With some students acting as victims and one playing the role of aggressor, school staffers put out the call that an "active shooter" was on the loose in a residence hall.

Campus police responded, secured the campus and took down the shooter. When the smoke from firecrackers and smoke bombs cleared, all the students were safe.

Would the story have the same ending if what occurred Monday on the Virginia Tech campus took place at FSU?

"Knowing what we know today about this incident, I'm very proud to say we wouldn't change anything," FSU police Chief David Perry said. "We would refer back to that exercise and use the processes we already have in place."

But, Perry acknowledged, successfully carrying out such a plan in a real-life situation is difficult on a college campus, especially a large urban one like FSU.

"It takes a good working relationship with our law enforcement partners in the city and county and with our campus community partners as well," Perry said.

Campus police departments throughout the country likely will be re-evaluating their response plans in the aftermath of the Virginia Tech shootings.

Those response plans have been evolving since the Sept. 11, 2001, terrorist attacks and the deadly 1999 school shootings at Columbine High School in Colorado.

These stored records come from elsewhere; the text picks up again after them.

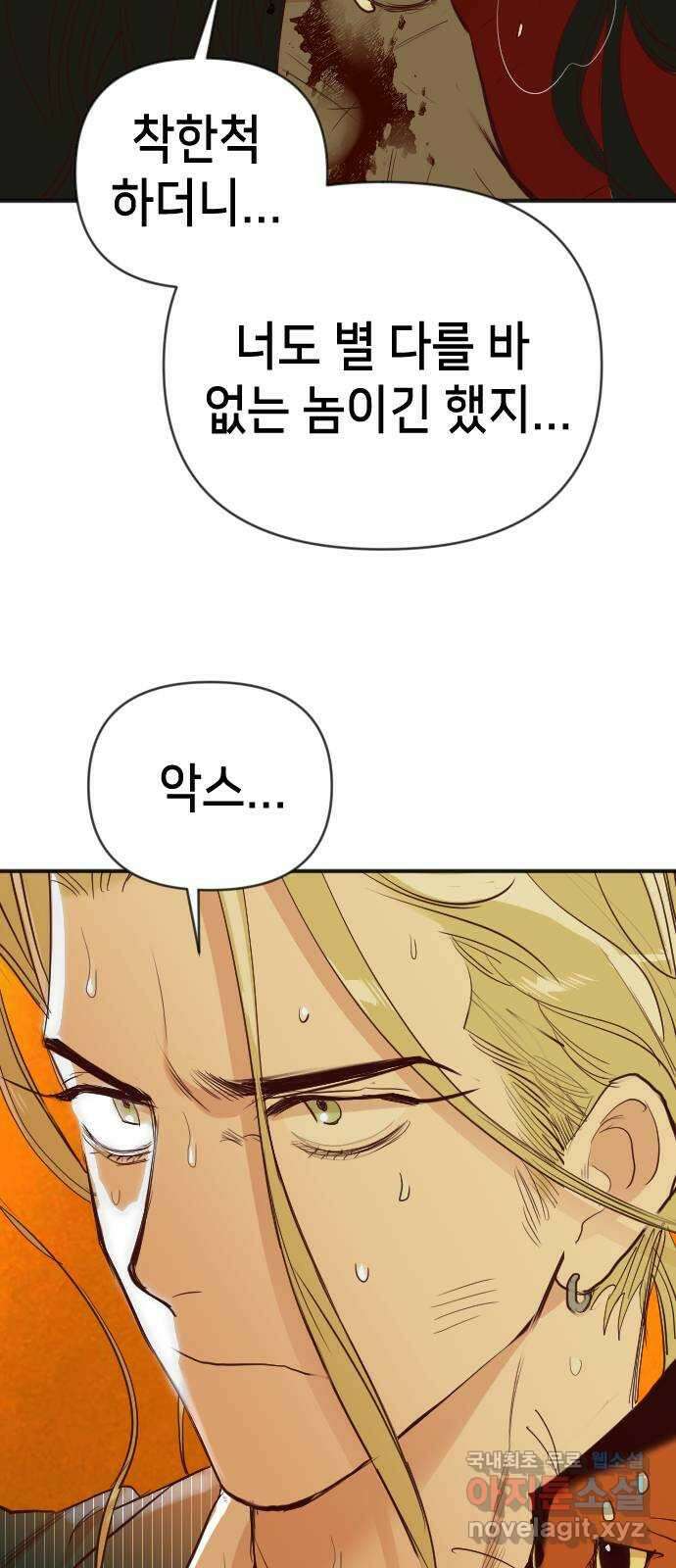 데빌샷 107화 체크메이트 (9) 32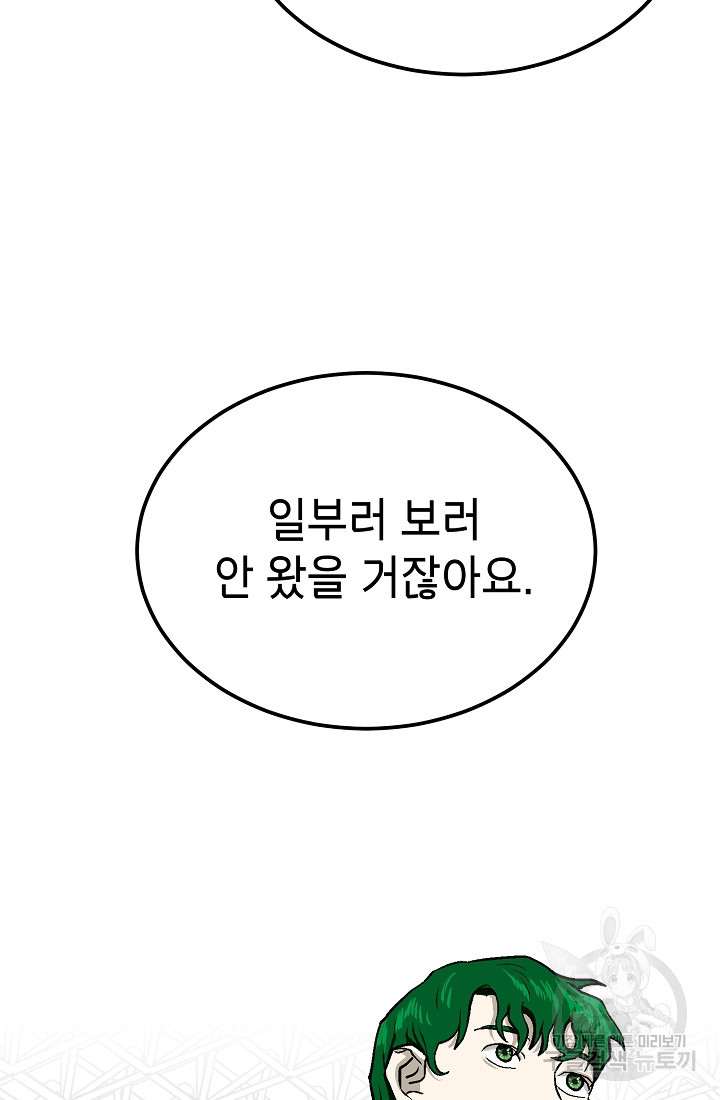 기부림 10화 - 웹툰 이미지 78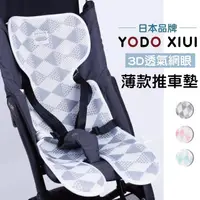 在飛比找momo購物網優惠-【Mua 姆兒選品】YODO XIUI透氣輕薄款推車墊涼蓆座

All kinds of agencies and institutions -- including Florida's colleges and universities -- have put more thought into handling the unthinkable.

And yet, Florida's higher education institutions remain far from immune to what happened Monday at Virginia Tech, some officials here say.

Emergency response is "not an issue taken lightly at campuses," said Bill Edmonds, spokesman for the Florida Board of Governors, which oversees the state university system. "But at the same time, you can't plan for every possible whatever."

Universities often sit on hundreds of acres, with miles of unpatrolled boundaries. Classroom and administration buildings are usually open to the public. And ask any pizza delivery person how easy it is to get inside a typical dorm.

The University of South Florida in Tampa has trained a 40-person police force to carry out "active shooter intervention," said Lt. Meg Ross, spokeswoman for the USF Police Department.

How the officers would respond to a particular situation would depend on the facts on the ground, Ross said. Ordering an immediate lockdown of all campus buildings might sound like an easy call, but if the location of the gunman is unknown, the end result might be locking the attacker in with his victims.

Chief Michael Zelanes of the University of Central Florida Police Department agreed that completely sealing off a large college campus during a shooting isn't practical. And while students have swipe cards to enter dormitories, Zelanes said, such security measures can easily be bypassed by a determined intruder.

"It isn't hard," he said. "All you have to do is wait until someone comes out."

If an emergency arose at the University of Florida, campus police would immediately send an officer to the area to minimize the threat to students and staffers, said Lt. Mitch Welsh. Depending on the scale of the emergency, officers would call in other university staffers to assist.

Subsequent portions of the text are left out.